Give yourself permission to let the experience of grief be personal and unique.
Grief comes in waves occasionally, or maybe like a flood. Some go numb, some become physically ill, seek out food, drink or drugs for comfort, or perhaps hide away finding refuge in solitude. Many will take trips down memory lane, rejoin broken relationships or let others slip away. Some thank God for what they had or maybe rage over what they’ve lost.
Loss is an unavoidable human experience. It inspires our art, plays out in our dreams, and has been studied by endless experts from a multitude of disciplines. All of this makes evident that, while the experience of grief is a personal and experienced differently every time, we all have common ground we share. If you find yourself grieving, here are three tips that you or someone you know may find helpful.
It’s okay to laugh
You are allowed to smile. Everyone should know by now that it’s OK to cry when you are sad, and it is completely natural to feel sad when someone one you love dies. What we don’t talk about as much (which is a disservice to the grieving) is the other side of that coin.
Giving yourself permission to be happy — to feel enjoyment and even to laugh — is not a disloyal act to the dead. Whether the brevity and lightheartedness comes from cracking a joke about the hubcaps on the hearse, reminiscing about fun times past or just soaking in a beautiful day, you are not being disloyal to the deceased by enjoying life. Neither the value of your relationship nor the depth of your love is measured by the number of tears you have cried or how much happiness you have stifled.
It’s okay to ask for help
The gears of the world grind steadily onward. The birds continue to sing as if everything is unchanged. But the people around you, who care for you, know that your world is forever different. These people want to help.

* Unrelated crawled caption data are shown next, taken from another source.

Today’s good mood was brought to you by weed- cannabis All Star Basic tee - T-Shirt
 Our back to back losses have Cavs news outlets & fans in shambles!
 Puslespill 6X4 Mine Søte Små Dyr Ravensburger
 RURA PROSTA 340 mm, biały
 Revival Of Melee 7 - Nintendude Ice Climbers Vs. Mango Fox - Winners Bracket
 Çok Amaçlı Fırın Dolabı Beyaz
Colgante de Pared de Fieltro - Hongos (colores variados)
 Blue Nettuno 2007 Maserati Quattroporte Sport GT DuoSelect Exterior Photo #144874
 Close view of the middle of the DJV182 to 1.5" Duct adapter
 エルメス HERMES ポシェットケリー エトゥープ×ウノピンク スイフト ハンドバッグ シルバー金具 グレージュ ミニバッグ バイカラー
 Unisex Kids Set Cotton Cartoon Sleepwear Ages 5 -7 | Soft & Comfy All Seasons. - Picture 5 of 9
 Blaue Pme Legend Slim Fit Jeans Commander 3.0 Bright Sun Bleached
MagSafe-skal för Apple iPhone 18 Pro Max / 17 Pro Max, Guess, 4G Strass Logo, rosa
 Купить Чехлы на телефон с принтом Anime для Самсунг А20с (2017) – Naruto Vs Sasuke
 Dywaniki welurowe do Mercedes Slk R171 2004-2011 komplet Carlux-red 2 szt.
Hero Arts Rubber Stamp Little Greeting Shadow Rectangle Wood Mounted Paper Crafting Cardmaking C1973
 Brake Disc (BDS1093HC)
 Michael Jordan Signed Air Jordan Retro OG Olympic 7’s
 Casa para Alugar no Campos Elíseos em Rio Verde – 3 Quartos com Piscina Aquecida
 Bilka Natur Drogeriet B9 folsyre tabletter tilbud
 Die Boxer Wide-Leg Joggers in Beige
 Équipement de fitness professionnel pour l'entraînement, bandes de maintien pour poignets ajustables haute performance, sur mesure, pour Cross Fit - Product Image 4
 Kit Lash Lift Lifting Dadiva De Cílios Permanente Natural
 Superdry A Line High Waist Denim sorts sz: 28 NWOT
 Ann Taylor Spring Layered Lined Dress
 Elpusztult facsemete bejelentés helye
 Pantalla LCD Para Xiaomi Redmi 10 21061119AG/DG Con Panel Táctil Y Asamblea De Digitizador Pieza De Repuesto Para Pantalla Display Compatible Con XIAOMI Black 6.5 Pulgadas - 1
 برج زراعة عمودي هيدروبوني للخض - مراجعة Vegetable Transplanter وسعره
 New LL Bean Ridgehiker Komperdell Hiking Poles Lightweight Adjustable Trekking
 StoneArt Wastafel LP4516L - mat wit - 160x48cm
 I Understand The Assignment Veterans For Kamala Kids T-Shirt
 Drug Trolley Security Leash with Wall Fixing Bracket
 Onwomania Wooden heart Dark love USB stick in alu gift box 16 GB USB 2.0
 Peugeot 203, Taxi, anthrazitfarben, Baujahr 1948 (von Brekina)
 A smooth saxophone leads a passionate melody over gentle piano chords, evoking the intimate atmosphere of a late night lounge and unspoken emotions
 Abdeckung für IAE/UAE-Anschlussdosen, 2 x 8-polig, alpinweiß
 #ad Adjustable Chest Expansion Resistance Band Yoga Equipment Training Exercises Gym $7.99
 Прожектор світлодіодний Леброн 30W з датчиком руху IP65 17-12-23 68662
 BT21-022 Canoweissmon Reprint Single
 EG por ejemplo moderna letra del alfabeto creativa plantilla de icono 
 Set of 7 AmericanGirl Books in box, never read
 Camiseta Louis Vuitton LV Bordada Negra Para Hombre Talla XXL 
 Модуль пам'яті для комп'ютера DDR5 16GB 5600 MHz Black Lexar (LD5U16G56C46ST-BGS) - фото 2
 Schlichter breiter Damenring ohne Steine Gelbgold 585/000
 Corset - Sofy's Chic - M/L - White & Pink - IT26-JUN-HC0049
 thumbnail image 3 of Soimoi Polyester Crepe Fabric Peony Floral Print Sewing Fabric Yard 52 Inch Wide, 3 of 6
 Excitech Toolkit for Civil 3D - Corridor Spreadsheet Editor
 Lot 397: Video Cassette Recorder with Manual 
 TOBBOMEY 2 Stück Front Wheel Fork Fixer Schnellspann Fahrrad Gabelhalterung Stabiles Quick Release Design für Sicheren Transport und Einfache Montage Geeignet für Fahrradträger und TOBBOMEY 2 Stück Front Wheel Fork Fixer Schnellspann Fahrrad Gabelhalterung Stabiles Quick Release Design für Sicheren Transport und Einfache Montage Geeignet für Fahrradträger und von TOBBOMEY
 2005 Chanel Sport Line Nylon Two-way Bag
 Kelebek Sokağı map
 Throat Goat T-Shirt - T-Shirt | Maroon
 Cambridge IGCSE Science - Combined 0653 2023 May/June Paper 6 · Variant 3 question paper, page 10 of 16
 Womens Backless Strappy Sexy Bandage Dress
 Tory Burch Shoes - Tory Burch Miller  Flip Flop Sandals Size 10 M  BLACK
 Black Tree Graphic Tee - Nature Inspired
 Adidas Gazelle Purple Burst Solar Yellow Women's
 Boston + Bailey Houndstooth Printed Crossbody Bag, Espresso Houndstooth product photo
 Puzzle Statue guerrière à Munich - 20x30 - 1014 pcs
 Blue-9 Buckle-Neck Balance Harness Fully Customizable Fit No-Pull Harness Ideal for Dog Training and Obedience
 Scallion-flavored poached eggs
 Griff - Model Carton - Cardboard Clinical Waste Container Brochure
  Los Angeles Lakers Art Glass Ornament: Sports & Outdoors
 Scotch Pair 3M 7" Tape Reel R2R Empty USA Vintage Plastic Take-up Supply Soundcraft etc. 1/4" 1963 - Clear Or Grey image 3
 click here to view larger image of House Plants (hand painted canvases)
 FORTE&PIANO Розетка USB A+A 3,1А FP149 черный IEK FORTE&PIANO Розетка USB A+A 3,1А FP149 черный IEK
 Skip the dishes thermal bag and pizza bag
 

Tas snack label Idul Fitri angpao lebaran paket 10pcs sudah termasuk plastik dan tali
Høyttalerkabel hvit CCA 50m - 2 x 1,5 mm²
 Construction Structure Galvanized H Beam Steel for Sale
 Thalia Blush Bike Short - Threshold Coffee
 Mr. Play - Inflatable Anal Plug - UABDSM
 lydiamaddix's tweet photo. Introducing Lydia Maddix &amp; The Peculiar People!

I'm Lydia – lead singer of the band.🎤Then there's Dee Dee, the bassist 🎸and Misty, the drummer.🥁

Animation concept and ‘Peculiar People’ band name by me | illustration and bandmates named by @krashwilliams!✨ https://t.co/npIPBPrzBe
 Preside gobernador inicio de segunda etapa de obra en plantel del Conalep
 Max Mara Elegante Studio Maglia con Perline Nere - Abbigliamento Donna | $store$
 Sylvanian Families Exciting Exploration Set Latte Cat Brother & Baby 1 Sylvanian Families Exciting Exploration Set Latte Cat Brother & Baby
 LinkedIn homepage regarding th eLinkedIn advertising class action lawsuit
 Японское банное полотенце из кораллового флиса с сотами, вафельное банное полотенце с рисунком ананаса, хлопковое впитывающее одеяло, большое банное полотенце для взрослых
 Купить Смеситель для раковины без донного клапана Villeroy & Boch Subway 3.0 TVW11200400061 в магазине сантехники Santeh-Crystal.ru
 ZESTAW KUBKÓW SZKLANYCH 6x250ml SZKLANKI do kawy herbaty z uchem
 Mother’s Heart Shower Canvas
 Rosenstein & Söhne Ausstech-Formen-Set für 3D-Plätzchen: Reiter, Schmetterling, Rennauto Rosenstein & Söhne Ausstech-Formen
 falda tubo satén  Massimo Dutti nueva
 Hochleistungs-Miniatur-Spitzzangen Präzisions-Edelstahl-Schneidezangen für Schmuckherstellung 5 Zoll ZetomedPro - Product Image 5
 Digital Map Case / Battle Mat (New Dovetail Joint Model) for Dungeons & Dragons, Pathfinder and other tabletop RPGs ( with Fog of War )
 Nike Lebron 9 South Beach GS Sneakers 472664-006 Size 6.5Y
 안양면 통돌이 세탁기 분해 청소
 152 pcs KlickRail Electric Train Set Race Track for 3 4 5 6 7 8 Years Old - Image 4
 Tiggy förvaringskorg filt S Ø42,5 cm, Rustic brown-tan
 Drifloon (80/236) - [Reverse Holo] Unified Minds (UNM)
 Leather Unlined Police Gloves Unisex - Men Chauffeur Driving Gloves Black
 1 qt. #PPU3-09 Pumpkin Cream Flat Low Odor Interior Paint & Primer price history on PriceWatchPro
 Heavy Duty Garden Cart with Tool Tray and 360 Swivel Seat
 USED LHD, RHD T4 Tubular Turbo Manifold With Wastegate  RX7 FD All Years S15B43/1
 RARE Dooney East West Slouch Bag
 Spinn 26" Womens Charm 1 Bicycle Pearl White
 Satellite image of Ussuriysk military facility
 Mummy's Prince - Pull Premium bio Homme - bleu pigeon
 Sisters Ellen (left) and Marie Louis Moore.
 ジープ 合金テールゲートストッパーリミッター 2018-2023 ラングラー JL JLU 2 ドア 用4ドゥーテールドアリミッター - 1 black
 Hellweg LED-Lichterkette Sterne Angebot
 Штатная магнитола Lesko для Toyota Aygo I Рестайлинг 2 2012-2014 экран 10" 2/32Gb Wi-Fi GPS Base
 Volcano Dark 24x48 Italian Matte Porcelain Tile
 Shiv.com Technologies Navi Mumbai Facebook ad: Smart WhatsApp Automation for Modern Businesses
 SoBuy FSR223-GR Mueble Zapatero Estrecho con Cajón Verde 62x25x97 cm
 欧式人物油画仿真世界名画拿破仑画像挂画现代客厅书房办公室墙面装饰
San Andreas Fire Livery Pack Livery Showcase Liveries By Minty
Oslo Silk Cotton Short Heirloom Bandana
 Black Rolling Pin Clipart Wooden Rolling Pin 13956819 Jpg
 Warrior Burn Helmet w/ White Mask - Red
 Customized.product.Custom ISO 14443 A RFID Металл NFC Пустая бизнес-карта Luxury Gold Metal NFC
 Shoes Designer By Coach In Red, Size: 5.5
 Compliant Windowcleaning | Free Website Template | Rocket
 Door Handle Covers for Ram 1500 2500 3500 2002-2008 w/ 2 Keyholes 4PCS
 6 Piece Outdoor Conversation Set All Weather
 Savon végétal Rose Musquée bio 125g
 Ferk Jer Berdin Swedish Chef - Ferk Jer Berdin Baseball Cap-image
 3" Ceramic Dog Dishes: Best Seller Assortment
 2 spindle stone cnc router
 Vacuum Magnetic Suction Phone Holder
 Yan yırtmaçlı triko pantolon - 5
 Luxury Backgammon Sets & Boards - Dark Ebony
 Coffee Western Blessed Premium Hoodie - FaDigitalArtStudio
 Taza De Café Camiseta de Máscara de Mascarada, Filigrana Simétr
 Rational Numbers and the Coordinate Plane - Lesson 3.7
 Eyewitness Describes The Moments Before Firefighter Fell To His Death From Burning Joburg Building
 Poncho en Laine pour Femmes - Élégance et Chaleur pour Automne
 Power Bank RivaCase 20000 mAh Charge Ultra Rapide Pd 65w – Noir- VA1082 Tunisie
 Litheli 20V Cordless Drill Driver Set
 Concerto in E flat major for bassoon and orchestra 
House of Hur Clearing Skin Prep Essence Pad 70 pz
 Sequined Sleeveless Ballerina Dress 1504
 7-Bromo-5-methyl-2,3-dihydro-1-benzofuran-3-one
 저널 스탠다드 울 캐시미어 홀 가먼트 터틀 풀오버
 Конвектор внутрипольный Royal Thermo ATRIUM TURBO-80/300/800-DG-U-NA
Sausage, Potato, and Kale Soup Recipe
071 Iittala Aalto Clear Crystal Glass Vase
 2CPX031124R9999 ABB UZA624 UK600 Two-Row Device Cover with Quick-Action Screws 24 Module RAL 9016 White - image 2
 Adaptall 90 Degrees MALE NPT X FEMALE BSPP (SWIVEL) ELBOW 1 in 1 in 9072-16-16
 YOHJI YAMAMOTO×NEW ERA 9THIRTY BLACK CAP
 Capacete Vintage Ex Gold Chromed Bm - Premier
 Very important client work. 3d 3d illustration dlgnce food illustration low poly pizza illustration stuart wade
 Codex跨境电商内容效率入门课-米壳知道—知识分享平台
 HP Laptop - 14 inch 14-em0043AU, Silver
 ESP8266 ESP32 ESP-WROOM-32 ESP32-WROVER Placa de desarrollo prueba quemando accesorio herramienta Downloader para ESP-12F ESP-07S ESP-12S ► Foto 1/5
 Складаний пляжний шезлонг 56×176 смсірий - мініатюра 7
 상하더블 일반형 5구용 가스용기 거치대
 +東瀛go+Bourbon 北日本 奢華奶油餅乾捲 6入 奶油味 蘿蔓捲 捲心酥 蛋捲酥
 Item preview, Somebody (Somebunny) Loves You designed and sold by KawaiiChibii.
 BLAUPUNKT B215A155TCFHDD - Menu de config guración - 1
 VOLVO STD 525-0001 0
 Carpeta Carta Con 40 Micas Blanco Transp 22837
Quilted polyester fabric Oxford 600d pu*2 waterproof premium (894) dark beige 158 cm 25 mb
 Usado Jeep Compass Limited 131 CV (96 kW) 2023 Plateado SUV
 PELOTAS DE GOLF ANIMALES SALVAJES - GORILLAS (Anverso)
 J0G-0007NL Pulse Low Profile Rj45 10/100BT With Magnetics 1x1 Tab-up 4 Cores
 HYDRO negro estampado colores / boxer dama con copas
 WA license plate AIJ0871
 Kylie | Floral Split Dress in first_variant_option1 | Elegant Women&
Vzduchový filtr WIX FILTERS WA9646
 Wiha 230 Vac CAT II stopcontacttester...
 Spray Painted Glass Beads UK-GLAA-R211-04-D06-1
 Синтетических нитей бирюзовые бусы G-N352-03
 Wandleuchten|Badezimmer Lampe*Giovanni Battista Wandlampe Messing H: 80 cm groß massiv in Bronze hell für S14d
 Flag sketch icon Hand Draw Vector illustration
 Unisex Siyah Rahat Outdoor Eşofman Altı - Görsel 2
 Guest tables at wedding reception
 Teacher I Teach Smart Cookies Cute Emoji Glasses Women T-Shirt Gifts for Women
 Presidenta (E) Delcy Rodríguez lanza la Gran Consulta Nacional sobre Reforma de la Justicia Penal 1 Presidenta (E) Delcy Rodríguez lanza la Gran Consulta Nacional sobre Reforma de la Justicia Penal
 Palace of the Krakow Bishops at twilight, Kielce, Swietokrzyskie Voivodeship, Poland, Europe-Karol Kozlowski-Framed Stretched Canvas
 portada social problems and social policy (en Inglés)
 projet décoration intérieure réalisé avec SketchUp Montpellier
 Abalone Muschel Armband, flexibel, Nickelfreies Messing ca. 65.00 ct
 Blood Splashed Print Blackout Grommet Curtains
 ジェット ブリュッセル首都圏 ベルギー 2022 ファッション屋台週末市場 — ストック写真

Reaching out for assistance benefits you, yes, but it’s also a kindness to those who care. Many want to help because of how they were helped in the past. Some just love you and want to ease your suffering. Never underestimate the value of just telling people around you what is really going on.
Don’t feel obligated to ask for assistance just to make others feel better. However, when someone says, “Let me know how I can help,” let them know. Laundry, dog walking, babysitting, transportation, meals, advice, or even to just to hang out — all of these things will lighten your burden while making your support circle feel needed. It is a win-win.
Maybe it’s counseling or a support group you need. There are many avenues to search out help. Government agencies, churches, civic groups, and even schools offer lots of ways to be connected with a variety of assistance opportunities.
It’s okay to take your time
We are not in complete control of the world around us and cannot predict the exact place and time something will happen. Existence, and all of its events, unfurls at a pace we cannot control. The experience of grief is no exception. Just as we can’t control how we experience grief, we can’t control the length of time it lasts, either.
Active grieving can be longer or shorter from person to person. Neither is inherently right or wrong. In dealing with death, just as life, we are each on our own timeline.
Taking time for your health — physical, psychological, and spiritual — is also important. These things can be easy to neglect when experiencing intense and varied emotions. You need to take the time to eat healthy foods to keep you fueled. Proper sleep and exercise will help keep your energy levels and stamina in shape. And take time to relax, even if it is just an extra few minutes sitting in the car.
Grieving a loved one is hard work. There are no easy simple set of steps, no quick cures for sudden jabs of hurt deep in the soul or the waves of sadness that might drop you to your knees. Loving someone is not something to be cured of, and grief is an inextricable component of your love.